=== Section Start ===

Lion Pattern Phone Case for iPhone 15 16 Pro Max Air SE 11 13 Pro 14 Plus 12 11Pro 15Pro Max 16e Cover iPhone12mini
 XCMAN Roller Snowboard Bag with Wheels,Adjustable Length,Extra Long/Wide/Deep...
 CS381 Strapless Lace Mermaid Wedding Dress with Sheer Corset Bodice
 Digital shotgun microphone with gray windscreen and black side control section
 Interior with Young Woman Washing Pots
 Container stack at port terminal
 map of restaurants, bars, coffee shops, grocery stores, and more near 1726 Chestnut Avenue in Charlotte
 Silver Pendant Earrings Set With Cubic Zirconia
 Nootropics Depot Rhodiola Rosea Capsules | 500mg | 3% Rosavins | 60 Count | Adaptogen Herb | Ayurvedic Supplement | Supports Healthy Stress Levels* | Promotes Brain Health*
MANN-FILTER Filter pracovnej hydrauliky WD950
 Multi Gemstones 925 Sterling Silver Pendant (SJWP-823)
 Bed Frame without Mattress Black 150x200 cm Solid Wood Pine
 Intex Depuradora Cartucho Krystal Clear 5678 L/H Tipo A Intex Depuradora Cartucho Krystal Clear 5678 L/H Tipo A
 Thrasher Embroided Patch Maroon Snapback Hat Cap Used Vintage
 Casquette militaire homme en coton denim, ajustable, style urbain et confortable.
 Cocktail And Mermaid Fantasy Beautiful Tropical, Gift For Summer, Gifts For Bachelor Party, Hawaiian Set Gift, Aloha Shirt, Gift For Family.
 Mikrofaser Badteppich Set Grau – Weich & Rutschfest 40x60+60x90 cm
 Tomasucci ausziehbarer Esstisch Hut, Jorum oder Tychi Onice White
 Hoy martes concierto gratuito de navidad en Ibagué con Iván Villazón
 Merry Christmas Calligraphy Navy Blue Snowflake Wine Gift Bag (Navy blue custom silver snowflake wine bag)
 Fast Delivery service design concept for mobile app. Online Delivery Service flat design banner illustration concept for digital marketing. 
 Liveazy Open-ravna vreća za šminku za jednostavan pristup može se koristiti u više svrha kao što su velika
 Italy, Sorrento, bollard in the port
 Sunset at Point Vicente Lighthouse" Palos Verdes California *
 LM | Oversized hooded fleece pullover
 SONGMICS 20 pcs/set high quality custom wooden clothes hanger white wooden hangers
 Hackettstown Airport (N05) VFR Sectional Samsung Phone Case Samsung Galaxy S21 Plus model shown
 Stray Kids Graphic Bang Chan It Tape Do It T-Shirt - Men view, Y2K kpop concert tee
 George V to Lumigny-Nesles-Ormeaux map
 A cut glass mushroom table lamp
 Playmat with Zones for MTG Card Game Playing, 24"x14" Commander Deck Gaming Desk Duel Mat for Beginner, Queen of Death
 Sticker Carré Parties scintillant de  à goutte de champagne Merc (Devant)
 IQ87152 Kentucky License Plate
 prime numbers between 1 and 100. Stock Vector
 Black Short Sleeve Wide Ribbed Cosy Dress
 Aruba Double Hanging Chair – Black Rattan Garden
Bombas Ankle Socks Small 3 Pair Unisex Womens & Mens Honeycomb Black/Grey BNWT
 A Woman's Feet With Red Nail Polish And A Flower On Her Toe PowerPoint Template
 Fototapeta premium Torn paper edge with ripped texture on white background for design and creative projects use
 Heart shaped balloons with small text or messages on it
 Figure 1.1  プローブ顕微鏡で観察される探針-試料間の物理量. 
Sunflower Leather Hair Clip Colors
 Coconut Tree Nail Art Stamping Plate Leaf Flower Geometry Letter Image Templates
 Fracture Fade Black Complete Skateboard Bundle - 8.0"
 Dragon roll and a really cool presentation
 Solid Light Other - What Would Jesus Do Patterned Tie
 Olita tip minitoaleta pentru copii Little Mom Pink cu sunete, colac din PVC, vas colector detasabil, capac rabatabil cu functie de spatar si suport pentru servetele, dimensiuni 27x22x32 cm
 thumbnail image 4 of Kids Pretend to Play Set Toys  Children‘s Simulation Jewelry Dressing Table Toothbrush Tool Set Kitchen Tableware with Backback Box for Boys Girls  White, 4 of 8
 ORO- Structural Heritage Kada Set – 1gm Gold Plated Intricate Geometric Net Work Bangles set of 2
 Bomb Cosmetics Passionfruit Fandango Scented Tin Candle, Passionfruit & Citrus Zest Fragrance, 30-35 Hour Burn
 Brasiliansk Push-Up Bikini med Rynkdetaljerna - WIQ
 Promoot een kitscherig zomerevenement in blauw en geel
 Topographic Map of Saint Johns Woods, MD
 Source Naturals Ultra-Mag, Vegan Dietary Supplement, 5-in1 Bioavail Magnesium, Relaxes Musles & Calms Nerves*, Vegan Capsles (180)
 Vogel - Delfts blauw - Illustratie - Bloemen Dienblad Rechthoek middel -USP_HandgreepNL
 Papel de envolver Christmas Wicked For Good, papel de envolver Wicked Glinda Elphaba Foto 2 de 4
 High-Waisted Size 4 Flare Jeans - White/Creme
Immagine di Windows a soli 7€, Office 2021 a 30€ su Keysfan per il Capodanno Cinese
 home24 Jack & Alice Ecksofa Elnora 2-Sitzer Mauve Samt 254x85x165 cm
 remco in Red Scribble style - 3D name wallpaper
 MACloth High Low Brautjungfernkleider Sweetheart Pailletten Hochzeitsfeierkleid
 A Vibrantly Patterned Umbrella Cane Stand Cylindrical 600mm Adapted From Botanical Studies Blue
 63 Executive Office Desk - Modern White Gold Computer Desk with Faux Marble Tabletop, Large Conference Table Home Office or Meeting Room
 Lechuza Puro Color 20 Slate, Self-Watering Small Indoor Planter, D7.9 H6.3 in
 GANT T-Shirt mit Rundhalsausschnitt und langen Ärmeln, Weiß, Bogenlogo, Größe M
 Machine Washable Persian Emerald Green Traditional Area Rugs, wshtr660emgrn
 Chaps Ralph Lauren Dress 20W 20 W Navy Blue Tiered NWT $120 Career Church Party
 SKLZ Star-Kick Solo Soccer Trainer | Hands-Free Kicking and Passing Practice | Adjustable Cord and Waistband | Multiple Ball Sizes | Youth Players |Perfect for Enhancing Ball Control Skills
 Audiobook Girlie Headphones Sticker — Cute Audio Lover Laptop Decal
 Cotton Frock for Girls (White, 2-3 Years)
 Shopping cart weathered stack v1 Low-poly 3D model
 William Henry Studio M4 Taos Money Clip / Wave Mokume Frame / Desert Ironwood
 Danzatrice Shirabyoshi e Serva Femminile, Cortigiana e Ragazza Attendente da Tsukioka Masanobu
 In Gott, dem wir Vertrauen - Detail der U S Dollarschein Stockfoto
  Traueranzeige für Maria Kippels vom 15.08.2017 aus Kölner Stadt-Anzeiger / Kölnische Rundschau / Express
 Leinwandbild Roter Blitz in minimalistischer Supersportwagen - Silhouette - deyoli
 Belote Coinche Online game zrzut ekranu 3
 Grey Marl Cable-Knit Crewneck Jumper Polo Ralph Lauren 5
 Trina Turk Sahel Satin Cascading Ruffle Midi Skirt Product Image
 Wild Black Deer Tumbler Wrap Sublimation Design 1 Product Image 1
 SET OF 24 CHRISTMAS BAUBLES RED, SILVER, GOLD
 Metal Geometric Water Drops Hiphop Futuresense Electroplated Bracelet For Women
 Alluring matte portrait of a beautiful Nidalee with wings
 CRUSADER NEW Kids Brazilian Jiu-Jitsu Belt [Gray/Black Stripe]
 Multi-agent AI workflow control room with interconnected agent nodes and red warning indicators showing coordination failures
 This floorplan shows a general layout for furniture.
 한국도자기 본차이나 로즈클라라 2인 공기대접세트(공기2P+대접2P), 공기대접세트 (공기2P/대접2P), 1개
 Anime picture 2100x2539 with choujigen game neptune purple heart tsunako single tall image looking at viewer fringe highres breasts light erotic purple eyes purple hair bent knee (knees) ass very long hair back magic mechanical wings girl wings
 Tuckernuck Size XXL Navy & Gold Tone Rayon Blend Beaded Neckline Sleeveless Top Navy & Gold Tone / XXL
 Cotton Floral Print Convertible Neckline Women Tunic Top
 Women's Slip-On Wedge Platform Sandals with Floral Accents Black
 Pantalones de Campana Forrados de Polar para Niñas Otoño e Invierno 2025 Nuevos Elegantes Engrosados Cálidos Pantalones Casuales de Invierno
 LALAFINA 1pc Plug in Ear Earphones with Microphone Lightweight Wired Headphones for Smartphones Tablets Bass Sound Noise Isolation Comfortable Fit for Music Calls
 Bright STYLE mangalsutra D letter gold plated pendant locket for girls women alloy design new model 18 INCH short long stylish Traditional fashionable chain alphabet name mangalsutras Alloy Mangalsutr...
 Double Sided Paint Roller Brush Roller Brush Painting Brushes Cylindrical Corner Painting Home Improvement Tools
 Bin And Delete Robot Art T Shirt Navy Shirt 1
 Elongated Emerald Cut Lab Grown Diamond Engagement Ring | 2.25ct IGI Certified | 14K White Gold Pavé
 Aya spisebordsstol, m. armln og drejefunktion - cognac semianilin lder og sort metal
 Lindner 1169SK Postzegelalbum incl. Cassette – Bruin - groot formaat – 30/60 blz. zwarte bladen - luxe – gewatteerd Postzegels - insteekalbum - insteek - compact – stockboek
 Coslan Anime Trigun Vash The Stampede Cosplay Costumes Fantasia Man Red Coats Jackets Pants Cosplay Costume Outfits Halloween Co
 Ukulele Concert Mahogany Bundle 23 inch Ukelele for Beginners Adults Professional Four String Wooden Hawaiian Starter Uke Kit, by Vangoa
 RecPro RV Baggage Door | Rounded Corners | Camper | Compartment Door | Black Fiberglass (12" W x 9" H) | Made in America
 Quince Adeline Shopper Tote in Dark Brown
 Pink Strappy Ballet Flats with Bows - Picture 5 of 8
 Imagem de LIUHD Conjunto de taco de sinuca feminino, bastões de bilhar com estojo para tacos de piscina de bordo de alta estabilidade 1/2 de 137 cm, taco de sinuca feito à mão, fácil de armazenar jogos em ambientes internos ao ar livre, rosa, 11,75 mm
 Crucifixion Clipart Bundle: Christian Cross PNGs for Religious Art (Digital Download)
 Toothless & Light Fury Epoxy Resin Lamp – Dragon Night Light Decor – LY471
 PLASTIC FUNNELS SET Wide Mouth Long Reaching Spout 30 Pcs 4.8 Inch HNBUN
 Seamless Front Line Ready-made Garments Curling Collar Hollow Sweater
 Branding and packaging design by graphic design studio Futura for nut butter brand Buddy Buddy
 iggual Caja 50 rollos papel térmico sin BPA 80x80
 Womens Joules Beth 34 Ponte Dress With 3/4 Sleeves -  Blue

=== Section End ===

- Work instructions -
Copy out exactly the lines between the line with "Quince Adeline Shopper Tote in Dark Brown" and the last line of the entries, counting both of those lines.

- Output for this exercise -
 Quince Adeline Shopper Tote in Dark Brown
 Pink Strappy Ballet Flats with Bows - Picture 5 of 8
 Imagem de LIUHD Conjunto de taco de sinuca feminino, bastões de bilhar com estojo para tacos de piscina de bordo de alta estabilidade 1/2 de 137 cm, taco de sinuca feito à mão, fácil de armazenar jogos em ambientes internos ao ar livre, rosa, 11,75 mm
 Crucifixion Clipart Bundle: Christian Cross PNGs for Religious Art (Digital Download)
 Toothless & Light Fury Epoxy Resin Lamp – Dragon Night Light Decor – LY471
 PLASTIC FUNNELS SET Wide Mouth Long Reaching Spout 30 Pcs 4.8 Inch HNBUN
 Seamless Front Line Ready-made Garments Curling Collar Hollow Sweater
 Branding and packaging design by graphic design studio Futura for nut butter brand Buddy Buddy
 iggual Caja 50 rollos papel térmico sin BPA 80x80
 Womens Joules Beth 34 Ponte Dress With 3/4 Sleeves -  Blue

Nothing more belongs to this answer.